La venue d’un homme de type mongoloïde, d’assez petite taille, au sourire gai et aux allures impératives, attira l’attention générale. Ses assistants lui obéissaient avec l’empressement joyeux des soldats de l’antiquité commandés par un grand capitaine. Mais le prestige du martre n’annulait pas leur propre initiative. C’était un groupe uni de gens énergiques, prêts à combattre le pire ennemi de l’homme : la mort.
En apprenant que la fiche d’hérédité de Ren Boz n’était pas encore arrivée, Af Nout s’emporta ; mais il se calma aussitôt, quand on lui dit qu’Evda Nal en personne s’était chargée de la remplir et de l’apporter.
Le directeur de l’observatoire demanda prudemment à quoi servirait l’hérédité de Ren Boz et quelle aide pouvaient lui fournir ses ancêtres. Af Nout plissa les paupières avec malice, comme s’il confiait un secret à un ami.
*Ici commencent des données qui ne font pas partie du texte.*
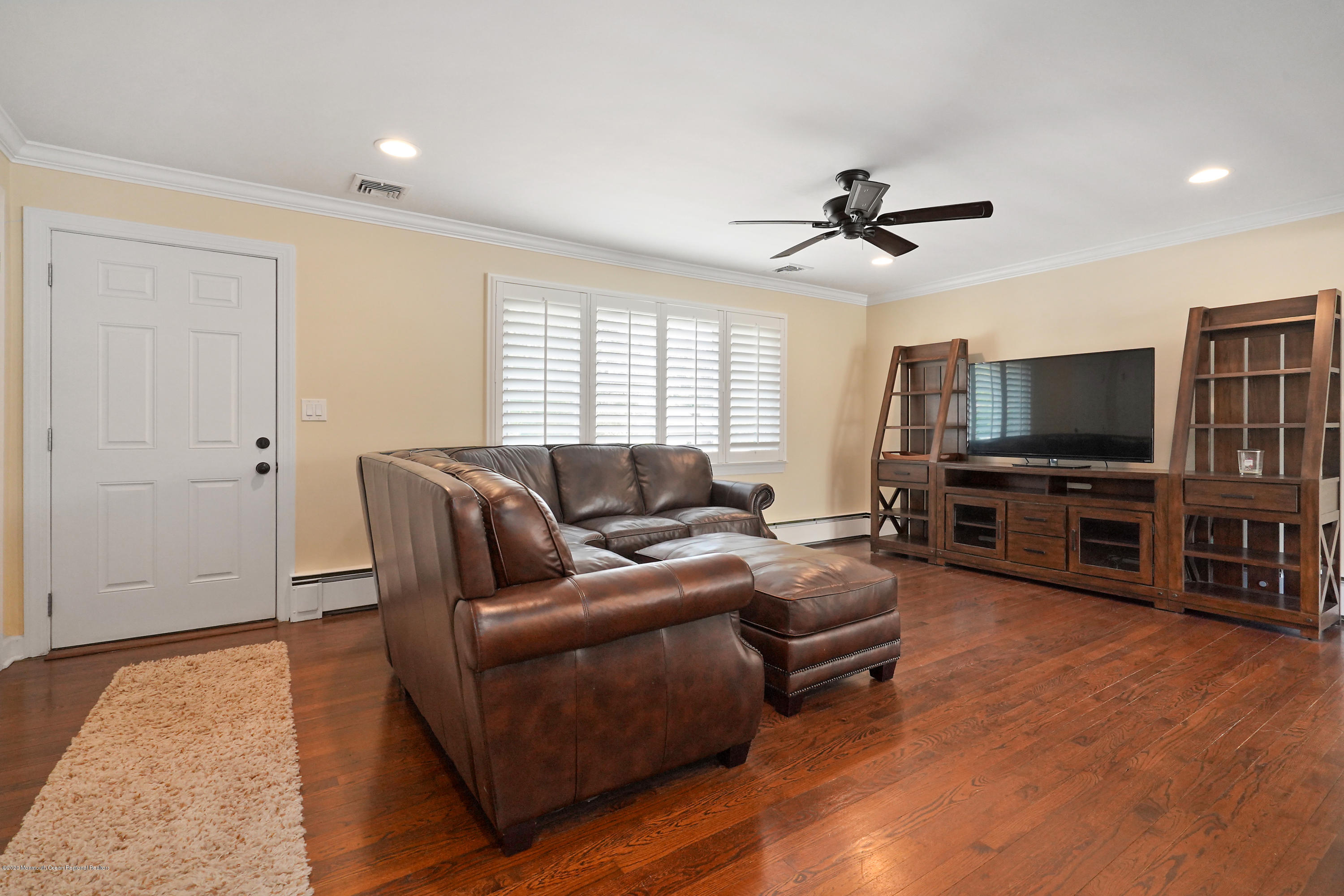1601 Martin Road Neptune, NJ 07753 - Photo 4 of 34 DSC03930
— L’ascendance de tout individu est étudiée non seulement pour comprendre sa structure psychique et pronostiquer dans ce domaine. Non moins importantes sont les données sur les particularités neurophysiologiques, la résistance de l’organisme, l’immunologie, la réaction sensitive aux traumatismes et l’allergie aux remèdes. Le choix du traitement est impossible sans la connaissance de la structure héréditaire et des conditions de vie des ancêtres.
Comme le directeur allait poser une autre question, Af Nout l’arrêta :
— J’en ai assez dit pour vous mettre sur la voie. Le temps presse !
Le directeur balbutia des excuses que l’autre ne prit pas la peine d’écouter.
Sur la plate-forme aménagée au pied de la montagne, on dressait en hâte une salle d’opération où on amenait l’eau, le courant et l’air comprimé. D’innombrables ouvriers offraient leurs services à l’envi, et le pavillon en éléments préfabriqués fut monté en trois heures. Parmi les médecins qui avaient bâti l’installation expérimentale, les assistants d’Af Nout choisirent quinze personnes pour desservir cette clinique érigée en hâte. Ren Boz fut transféré sous la coupole en plastique translucide, entièrement stérilisée et ventilée à l’air pur, qui passait par des filtres spéciaux. Af Nout et quatre assistants entrèrent dans le premier compartiment de la salle d’opération et y restèrent plusieurs heures pour s’exposer aux ondes bactéricides et à l’air saturé d’émanations désinfectantes jusqu’à ce que leur haleine elle-même devînt aseptique. Alors, ils se mirent à l’œuvre, alertes et sûrs d’eux.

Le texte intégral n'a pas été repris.